The lobby was lit by dim lights from the concession stand and the amber glow of street lamps from outside. My thief was nowhere in sight. I knew the theater's layout as well as any visitor, but not knowing what my thief was after meant I wasn't sure where to go. I hated being so new and clueless. For the thousandth time, I considered ditching my legacy and going back to being a simple street magician who was too busy trying to find a flop to worry about fighting crime.

I didn't want to give up. Couldn't. I could manage this; I just needed help.

I closed my eyes and concentrated again on the Shadow Realms. This time, instead of stepping into shadow, I pulled something out of it. The mass was sticky and unformed, more like tar than taffy, and it clutched at my mind with little claws of darkness, scrabbling for purchase. I whispered a name, shaping the darkness before it sent me into a panic. This was another thing I feared I'd never grow used to – calling creatures from the shadow. The claws released my mind, and the scrabbling that only I could hear was replaced by the real scrape of claws on the lobby carpet.

“Templeton.” I sighed with relief. The rat, about the size of a terrier and composed of shadow, snuffled around my feet.

“Hello, Missy,” he whispered.
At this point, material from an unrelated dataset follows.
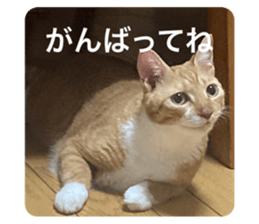 625671086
His snuffling ranged further afield, along the base of the concession counter and up the paneled sides as high as he could reach on hind legs.

“Hey, Templeton.” I kept my voice low. “Would you mind giving me a hand with something?”

“Of course,” Templeton said, but curiosity outweighed his ability to focus on a conversation. He continued to snuffle around the concession counter, rounding the corner and going straight for the popcorn machine. “What smells so good?”

“Get back here,” I hissed, following him behind the counter. I was about to yank him away from the industrial popper when I heard a sound from the street. Footsteps. Someone was coming.

I crouched low and peered around the corner of the counter, shushing Templeton. Just in time. A new shadow approached the main doors, a dark shape against the frosted glass. The silhouette twisted to look over its shoulder, then bent to fiddle with the latch on the main doors. A few moments later there was a soft
ka-chunk
and the door pushed open. The figure slipped in and tucked two thin slivers of metal into a pouch at her belt. I was impressed. As a magician, I knew my way around a set of lock picks, but I could never have popped a tumbler that fast. She was a pro.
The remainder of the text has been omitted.